PROBLEM STATEMENT
In the listing below, the lines starting at the line with "Samsung SM-R600NZBANEE, SM-R600NZKANEE" and ending at the line with "Climate Change Mitigation and Agriculture" are to be output verbatim. Images stay out of the copy.

AVAILABLE DATA
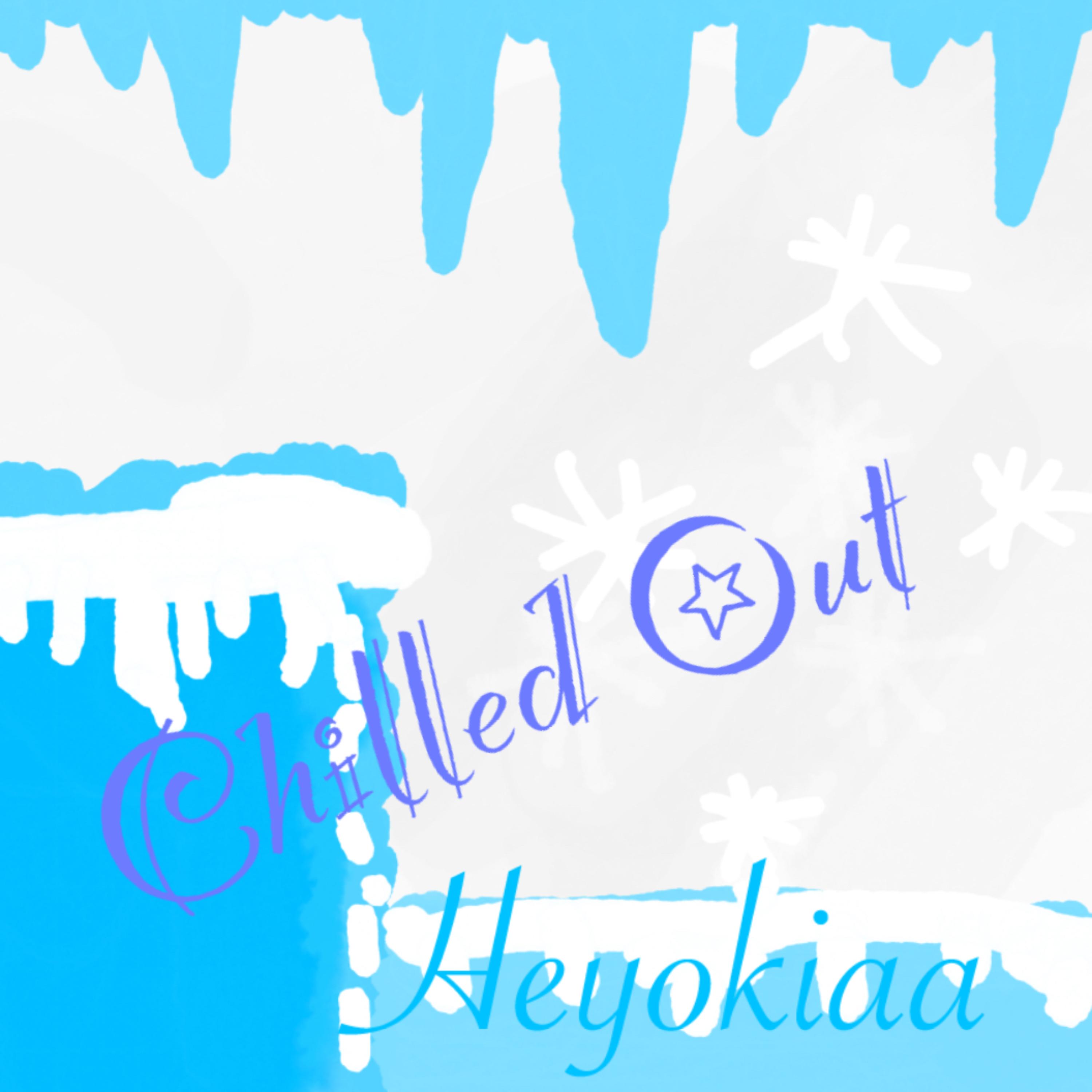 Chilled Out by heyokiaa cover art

* * *

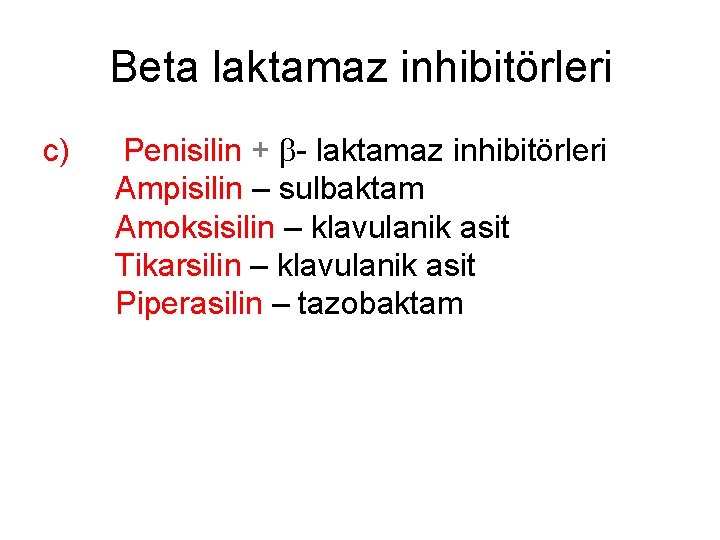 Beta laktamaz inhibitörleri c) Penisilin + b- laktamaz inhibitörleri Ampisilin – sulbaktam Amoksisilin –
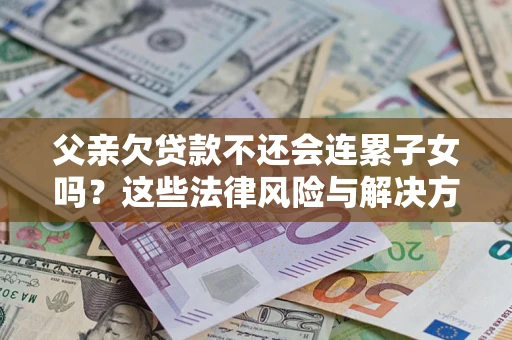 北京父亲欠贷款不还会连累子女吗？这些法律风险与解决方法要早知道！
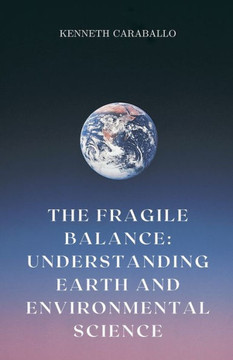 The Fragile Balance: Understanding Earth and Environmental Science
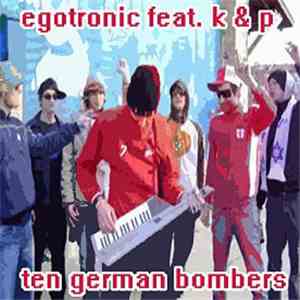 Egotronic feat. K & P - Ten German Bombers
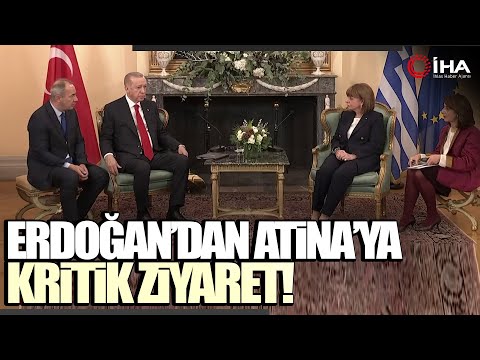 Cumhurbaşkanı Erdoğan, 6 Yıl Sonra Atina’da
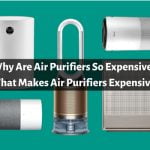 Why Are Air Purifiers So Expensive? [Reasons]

---

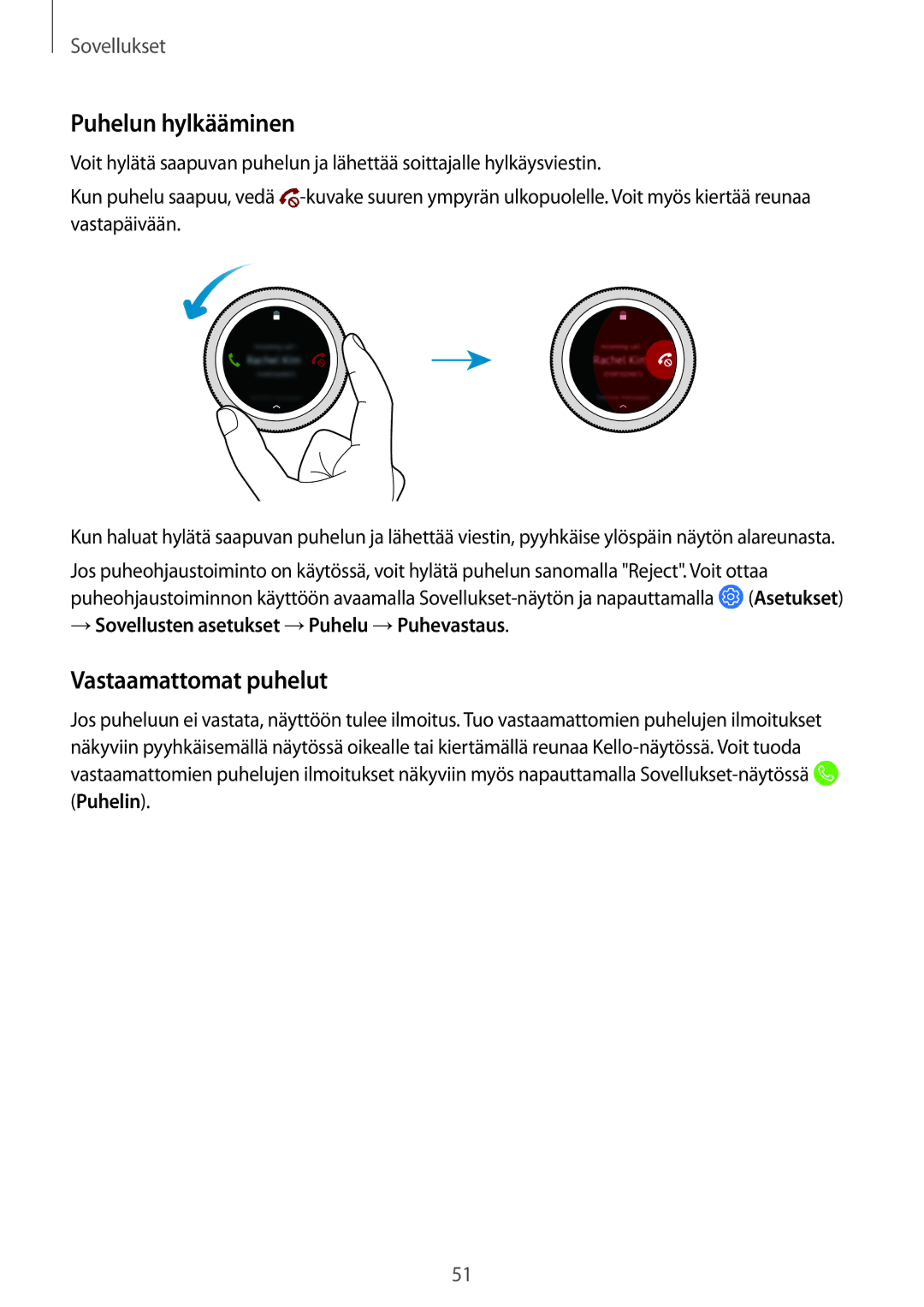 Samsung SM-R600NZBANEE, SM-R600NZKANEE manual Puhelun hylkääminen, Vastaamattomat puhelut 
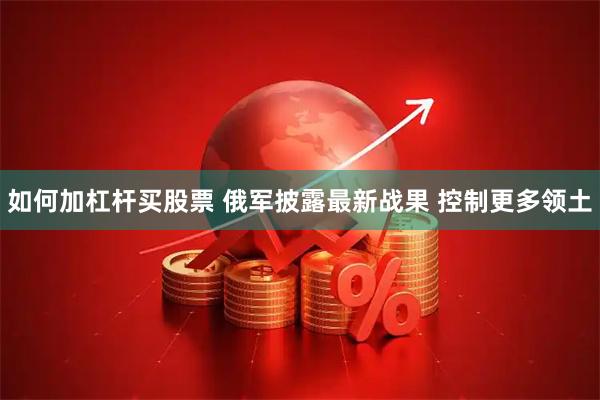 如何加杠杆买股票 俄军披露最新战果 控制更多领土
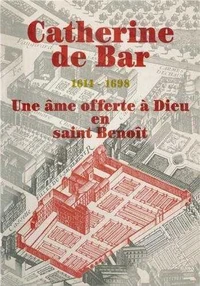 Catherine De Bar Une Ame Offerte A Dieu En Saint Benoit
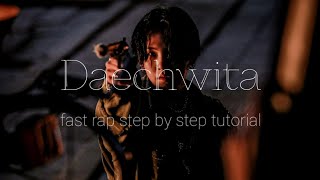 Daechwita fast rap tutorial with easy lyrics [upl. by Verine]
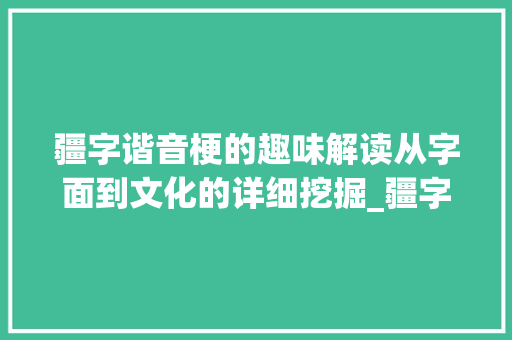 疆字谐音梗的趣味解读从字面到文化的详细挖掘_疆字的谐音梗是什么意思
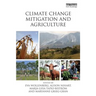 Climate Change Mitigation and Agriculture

TASK SOLUTION
 Samsung SM-R600NZBANEE, SM-R600NZKANEE manual Puhelun hylkääminen, Vastaamattomat puhelut 
 如何加杠杆买股票 俄军披露最新战果 控制更多领土
 Catherine De Bar Une Ame Offerte A Dieu En Saint Benoit
 Daechwita fast rap tutorial with easy lyrics [upl. by Verine]
 疆字谐音梗的趣味解读从字面到文化的详细挖掘_疆字的谐音梗是什么意思
 Climate Change Mitigation and Agriculture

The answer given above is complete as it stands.